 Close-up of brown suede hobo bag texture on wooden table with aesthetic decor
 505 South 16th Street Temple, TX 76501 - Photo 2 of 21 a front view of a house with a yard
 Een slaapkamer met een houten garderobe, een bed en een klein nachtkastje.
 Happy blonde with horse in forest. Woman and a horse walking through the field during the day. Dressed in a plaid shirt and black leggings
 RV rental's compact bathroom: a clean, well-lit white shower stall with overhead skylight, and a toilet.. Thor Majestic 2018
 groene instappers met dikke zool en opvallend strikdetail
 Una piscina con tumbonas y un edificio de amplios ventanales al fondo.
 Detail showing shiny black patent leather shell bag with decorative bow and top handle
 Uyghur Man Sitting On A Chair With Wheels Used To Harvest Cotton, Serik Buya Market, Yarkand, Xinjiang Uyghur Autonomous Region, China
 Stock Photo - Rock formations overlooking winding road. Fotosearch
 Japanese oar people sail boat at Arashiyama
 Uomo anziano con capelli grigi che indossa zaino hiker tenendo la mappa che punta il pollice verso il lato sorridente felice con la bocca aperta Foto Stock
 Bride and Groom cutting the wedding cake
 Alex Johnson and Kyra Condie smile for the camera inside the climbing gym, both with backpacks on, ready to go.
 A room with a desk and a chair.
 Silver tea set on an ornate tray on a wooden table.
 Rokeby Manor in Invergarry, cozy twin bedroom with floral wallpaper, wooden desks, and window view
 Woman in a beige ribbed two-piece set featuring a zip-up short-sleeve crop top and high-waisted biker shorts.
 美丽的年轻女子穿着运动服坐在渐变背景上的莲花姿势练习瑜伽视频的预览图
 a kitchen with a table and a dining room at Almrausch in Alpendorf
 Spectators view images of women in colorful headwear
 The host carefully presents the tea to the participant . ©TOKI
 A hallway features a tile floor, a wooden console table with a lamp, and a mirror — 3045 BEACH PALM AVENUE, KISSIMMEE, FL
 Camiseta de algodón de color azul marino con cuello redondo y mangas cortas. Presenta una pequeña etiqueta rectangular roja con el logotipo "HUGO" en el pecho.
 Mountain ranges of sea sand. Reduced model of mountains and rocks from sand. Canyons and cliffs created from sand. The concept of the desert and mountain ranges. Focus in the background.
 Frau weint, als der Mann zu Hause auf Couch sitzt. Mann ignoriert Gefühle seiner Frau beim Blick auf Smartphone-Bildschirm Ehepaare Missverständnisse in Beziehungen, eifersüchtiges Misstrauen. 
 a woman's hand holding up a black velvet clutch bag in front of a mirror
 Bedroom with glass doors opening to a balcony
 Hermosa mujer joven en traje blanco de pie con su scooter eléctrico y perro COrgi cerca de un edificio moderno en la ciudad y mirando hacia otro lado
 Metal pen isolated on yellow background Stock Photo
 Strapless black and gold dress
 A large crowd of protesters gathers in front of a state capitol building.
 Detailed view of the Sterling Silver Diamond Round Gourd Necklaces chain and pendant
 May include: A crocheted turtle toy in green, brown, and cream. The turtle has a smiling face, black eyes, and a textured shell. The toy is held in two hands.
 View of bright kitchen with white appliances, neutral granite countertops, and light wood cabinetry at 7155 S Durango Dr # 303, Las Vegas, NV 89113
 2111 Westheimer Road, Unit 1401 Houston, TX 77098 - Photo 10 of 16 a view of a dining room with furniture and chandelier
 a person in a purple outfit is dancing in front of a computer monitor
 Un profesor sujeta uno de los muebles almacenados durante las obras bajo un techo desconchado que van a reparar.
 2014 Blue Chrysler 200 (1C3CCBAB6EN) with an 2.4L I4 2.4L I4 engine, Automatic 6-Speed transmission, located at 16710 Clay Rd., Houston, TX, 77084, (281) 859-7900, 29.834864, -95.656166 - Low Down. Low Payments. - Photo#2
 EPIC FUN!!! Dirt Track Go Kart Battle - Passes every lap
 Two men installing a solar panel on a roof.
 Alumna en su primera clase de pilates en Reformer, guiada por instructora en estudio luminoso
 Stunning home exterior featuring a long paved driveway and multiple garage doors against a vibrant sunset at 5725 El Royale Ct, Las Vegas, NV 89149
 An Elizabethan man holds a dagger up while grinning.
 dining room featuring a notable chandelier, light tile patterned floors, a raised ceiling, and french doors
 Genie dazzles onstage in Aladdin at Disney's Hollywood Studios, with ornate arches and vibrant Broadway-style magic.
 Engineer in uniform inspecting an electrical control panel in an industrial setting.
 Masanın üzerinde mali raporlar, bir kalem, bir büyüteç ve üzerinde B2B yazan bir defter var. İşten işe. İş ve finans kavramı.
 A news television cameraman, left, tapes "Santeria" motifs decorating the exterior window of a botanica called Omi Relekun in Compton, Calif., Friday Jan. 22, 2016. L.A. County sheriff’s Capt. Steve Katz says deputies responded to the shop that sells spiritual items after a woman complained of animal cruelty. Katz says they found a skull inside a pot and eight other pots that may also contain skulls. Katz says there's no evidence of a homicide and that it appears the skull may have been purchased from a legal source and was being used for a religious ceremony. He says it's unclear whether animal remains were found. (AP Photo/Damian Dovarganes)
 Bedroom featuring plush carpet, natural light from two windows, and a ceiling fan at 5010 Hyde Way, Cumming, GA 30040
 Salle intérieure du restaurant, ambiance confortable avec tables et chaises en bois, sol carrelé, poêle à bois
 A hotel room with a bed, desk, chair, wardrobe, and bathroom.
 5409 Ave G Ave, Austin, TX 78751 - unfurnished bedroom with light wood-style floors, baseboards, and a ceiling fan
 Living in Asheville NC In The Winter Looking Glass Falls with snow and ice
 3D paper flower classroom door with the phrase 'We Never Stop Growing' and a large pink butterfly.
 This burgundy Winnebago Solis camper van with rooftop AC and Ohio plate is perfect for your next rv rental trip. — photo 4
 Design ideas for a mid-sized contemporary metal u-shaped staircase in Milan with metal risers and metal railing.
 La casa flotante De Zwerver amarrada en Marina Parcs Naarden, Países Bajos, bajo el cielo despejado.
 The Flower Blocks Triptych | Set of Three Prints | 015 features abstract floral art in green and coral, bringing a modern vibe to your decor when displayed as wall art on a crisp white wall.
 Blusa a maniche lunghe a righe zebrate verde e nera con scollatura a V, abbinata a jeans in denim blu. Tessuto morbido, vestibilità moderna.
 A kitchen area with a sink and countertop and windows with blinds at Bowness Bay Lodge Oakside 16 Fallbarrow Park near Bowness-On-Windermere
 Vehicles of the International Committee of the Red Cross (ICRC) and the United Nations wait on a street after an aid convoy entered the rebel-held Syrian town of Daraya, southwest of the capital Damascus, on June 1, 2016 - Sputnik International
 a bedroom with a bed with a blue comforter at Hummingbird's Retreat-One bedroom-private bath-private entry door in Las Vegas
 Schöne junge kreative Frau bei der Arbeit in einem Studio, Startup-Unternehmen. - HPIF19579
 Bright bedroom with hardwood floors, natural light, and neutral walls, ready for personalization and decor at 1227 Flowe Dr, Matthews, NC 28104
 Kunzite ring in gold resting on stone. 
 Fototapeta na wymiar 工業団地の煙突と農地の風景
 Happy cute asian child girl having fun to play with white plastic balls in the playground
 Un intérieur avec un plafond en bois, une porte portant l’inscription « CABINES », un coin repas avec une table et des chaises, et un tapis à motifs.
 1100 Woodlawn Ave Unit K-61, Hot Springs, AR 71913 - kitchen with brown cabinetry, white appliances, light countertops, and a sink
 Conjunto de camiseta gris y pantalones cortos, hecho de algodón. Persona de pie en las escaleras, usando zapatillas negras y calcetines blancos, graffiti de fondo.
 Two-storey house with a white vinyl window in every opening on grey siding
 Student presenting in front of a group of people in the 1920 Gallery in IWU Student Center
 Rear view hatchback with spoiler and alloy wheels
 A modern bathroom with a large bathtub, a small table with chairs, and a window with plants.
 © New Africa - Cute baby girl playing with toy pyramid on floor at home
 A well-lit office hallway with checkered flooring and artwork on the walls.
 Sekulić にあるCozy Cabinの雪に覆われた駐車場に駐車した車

YOUR GOAL :: None of the lines before the one containing "Two-storey house with" belong in the answer; reproduce that line and all later lines of the records exactly.

EXPECTED ANSWER ::
 Two-storey house with a white vinyl window in every opening on grey siding
 Student presenting in front of a group of people in the 1920 Gallery in IWU Student Center
 Rear view hatchback with spoiler and alloy wheels
 A modern bathroom with a large bathtub, a small table with chairs, and a window with plants.
 © New Africa - Cute baby girl playing with toy pyramid on floor at home
 A well-lit office hallway with checkered flooring and artwork on the walls.
 Sekulić にあるCozy Cabinの雪に覆われた駐車場に駐車した車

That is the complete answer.